Зима священная
Балет Монте-Карло показал постапокалиптическое будущее
В Монте-Карло на сцене Форума Гримальди состоялась мировая премьера балета Жан-Кристофа Майо «Abstract / Life», поставленного им на музыку Брюно Мантовани, написанную специально для этой постановки в рамках фестиваля «Весна искусств». Пару премьере составил «Скрипичный концерт» Стравинского / Баланчина. Из Монте-Карло — Татьяна Кузнецова.
Событие по местным меркам исключительное: глава Балета Монте-Карло Жан-Кристоф Майо впервые в жизни сочинил балет на музыку, которую выбирал не сам. Более того, даже не слышал ее до того, как согласился на постановку. Возможно, хореографа вдохновила сама идея о создании балета специально для него — по примеру исторических постановок Чайковского—Петипа или Стравинского—Баланчина. Для закрепления ассоциативной связи в первой части вечера был показан «Violin Concerto» Стравинского, который, правда, композитор сочинил вовсе не для балета, зато Баланчин ставил дважды — канонической признана версия 1972 года, представленная New York City Ballet (NYCB).
Балет Монте-Карло взялся за Баланчина впервые после 18-летнего перерыва.
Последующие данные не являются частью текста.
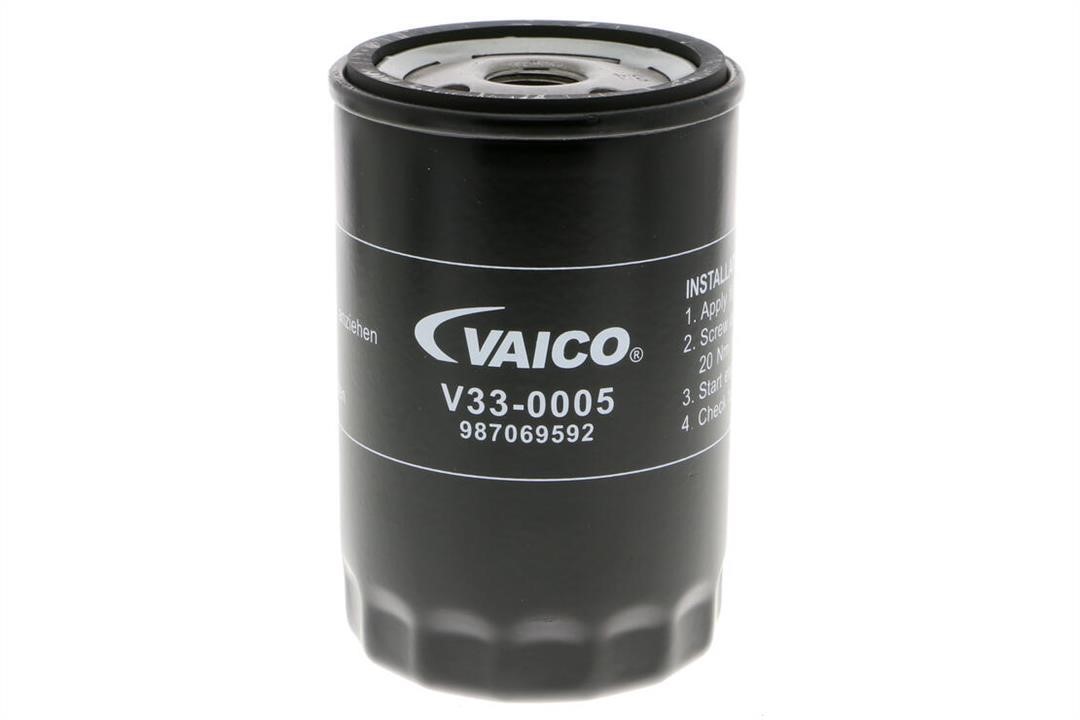 Vaico V33-0005 Oil Filter V330005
Довольно смелый шаг: многонациональная труппа, набранная из представителей различных школ и заточенная под хореографию своего худрука, может похвастаться эмоциональностью, пластичностью, но не единообразной выучкой, тем более баланчинской, неоклассической. Артистов спасла жизнерадостность, а также солисты с советской и американской школой: Екатерина Петина, Виктория Ананян, Матей Урбан и Кристиан Творзянски. Последний, чистокровный «баланчинец», учившийся и танцевавший в NYCB, задавал тон. Маленький, шустрый, чрезвычайно активный, он разыгрывал абстракции Баланчина как комические драмбалетные новеллы. В первом дуэте («Aria I», где, по замыслу Баланчина, балерина едва ли не выше своего партнера) он противостоял долговязой Деборе ди Джованни с отвагой Кота в сапогах. Подчеркивал легкую оторопь, когда железный пуант балерины вонзался ему в горло, деятельно поощрял ее акробатические труды в «мостиках», слегка пугался, когда партнерша выстреливала ногой в арабеске в пяти сантиметрах от его лица,— «мистер Би» в его трактовке представал большим шутником. Нежданно вскрывшиеся пикантные подробности абстрактной, казалось бы, хореографии отвлекали от частных несовершенств исполнения.
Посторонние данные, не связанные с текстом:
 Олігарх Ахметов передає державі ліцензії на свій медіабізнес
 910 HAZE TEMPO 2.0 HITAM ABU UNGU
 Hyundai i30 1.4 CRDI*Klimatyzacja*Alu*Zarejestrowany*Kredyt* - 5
Хронометраж балета Брюно Мантовани в два раза больше, чем у Стравинского. Его мрачная «Абстракция» накатывает этакими волнами: сольные стоны виолончели, то интимные, то душераздирающие, поглощает оркестр, постепенно повышая свой голос до вопля, его снова сменяет виолончель — и так почти 50 минут, освобожденных от старомодного мелодизма и традиционной метроритмической структуры. Жизнелюб Майо, добавив к «Abstract» слово «Life», поставил спектакль о жизни, хотя бы и после всемирной катастрофы. Художница Эме Морени разбросала по сцене обломки алюминиевых скал, будто оплывших от запредельных температур, свесила с колосников фаллический сталактит, а человечество обрядила в бронзово-прозрачные комбинезоны, обтягивающие, как вторая кожа.
Поначалу это похоже на «Весну священную» все того же Стравинского — только после заката, а не на заре человеческой эры: мужчины меряются силами, женщины проскальзывают стайками, составляются и распадаются эффектные группы, возникает первый разнополый дуэт, обильный сложносочиненными поддержками и взаимным напряжением. Но «Абстракция» Мантовани, похоже, отрицает само движение — и как художественный прием, и как способ жизни. Так что хореографу приходится вновь и вновь сталкивать массы в оркестровых кульминациях и снова отступать под виолончель к медитативным трио, секстетам или монологам солистки (Мимоза Коике), которая тут (в отличие от «Весны священной») отнюдь не жертва, а проповедница всеобщего мира, что отнюдь не вдохновляет автора на яркую хореографию.
Дрейфующая туда-сюда музыка в конце концов порождает и танец, похожий на плавание. Возникают и персонажи будто из подводного царства: в почти полной тьме светятся гребнями какие-то морские коньки, поблескивают щупальцами актинии, группируются светящиеся водоросли. Хореограф, будто жалея свою публику, привычную к увлекательным спектаклям, явно хочет развлечь ее с помощью визуальных эффектов, несмотря на то, что свою локальную хореографическую задачу он уже выполнил: заполнил непрерывным, связным, подчас весьма изобретательным танцем 48 минут чистого времени. Правда, в отличие от Баланчина со Стравинским и Петипа с Чайковским, соавторы «Абстракции / Жизни» явно не сошлись темпераментами.